BEGIN EXERCISE MATERIAL

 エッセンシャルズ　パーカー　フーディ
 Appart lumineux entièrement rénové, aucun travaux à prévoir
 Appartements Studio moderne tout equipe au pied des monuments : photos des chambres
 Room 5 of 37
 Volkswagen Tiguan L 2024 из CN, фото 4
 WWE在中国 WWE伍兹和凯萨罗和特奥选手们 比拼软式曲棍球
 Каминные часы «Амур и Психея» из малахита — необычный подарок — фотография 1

END EXERCISE MATERIAL
BEGIN EXERCISE MATERIAL

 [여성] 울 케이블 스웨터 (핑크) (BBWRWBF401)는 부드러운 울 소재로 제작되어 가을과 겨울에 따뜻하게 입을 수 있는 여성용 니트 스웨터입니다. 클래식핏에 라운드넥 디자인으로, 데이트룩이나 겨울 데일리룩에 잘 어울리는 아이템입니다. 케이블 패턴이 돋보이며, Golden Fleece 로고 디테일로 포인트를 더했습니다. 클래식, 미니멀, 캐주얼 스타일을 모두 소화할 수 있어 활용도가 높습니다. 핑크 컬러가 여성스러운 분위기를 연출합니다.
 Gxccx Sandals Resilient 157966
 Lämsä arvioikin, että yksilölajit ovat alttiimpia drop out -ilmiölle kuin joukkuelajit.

END EXERCISE MATERIAL
BEGIN EXERCISE MATERIAL

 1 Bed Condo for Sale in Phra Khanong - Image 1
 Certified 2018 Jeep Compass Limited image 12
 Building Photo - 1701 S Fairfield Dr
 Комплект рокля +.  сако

END EXERCISE MATERIAL

■ **GOAL OF THE EXERCISE**
Could you repeat exactly the lines in the listing above from the one with "Appart lumineux entièrement" down to the one with "подарок — фотография 1"? Include both of those lines.

■ **WRITTEN RESPONSE**
 Appart lumineux entièrement rénové, aucun travaux à prévoir
 Appartements Studio moderne tout equipe au pied des monuments : photos des chambres
 Room 5 of 37
 Volkswagen Tiguan L 2024 из CN, фото 4
 WWE在中国 WWE伍兹和凯萨罗和特奥选手们 比拼软式曲棍球
 Каминные часы «Амур и Психея» из малахита — необычный подарок — фотография 1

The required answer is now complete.